Yeşil Sol adayı Ayşegül Doğan: Babamı bu topraklarda yeniden keşfediyorum

Artı Gerçek - Yeşil Sol Parti’nin Şırnak Milletvekili Adayı, gazeteci Ayşegül Doğan, girdiği her dükkanda sevgiyle ve ilgiyle karşılanıyor. Doğan çalışmalarını, babası Orhan Doğan’ın mirasını özenle taşıyarak yürütmeye çalıştığını dile getiriyor.

Gazete Karınca'nın sorularını yanıtlayan Doğan, "Babamın bir izleği vardı ve o izlek de hep barışa dönüktü… Babamın hayata bakan yüzüne tutunabilir ve oradan hareketle şu anda adayı olduğum bölgeye ve bu bölgeden hareketle Türkiye’nin geneline dair bir şey yapabilirsem çok mutlu olurum. Belki o zaman ‘Evet ben bu mirası taşıyabiliyorum’ diyebilirim!" diye konuştu.
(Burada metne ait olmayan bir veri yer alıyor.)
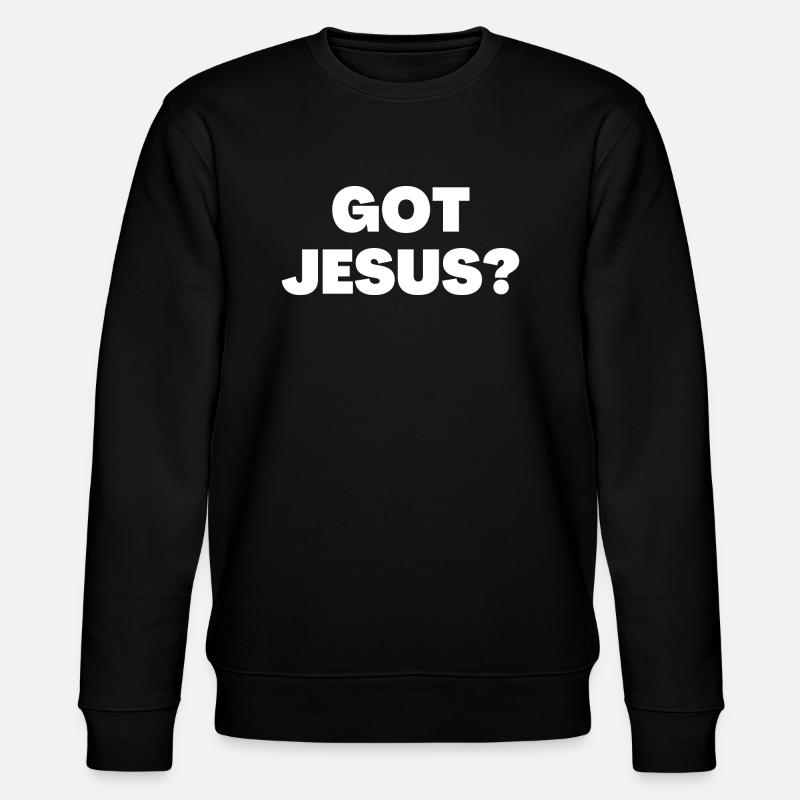 Got Jesus - Christian Quotes - Stanley/Stella CHANGER Unisex Organic Sweatshirt - black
Ayşegül Doğan'ın sorulara verdiği yanıtlar şöyle:

Senin adaylığın herhangi bir adaylık hikayesinin ötesinde. Çok önemli bir mirası da devraldın ve baban Orhan Doğan’ın ardından Şırnak’tan milletvekili adayı oldun. Adaylığın doğup büyüdüğün topraklarda nasıl karşılandı ve bu miras sana nasıl hissettiriyor?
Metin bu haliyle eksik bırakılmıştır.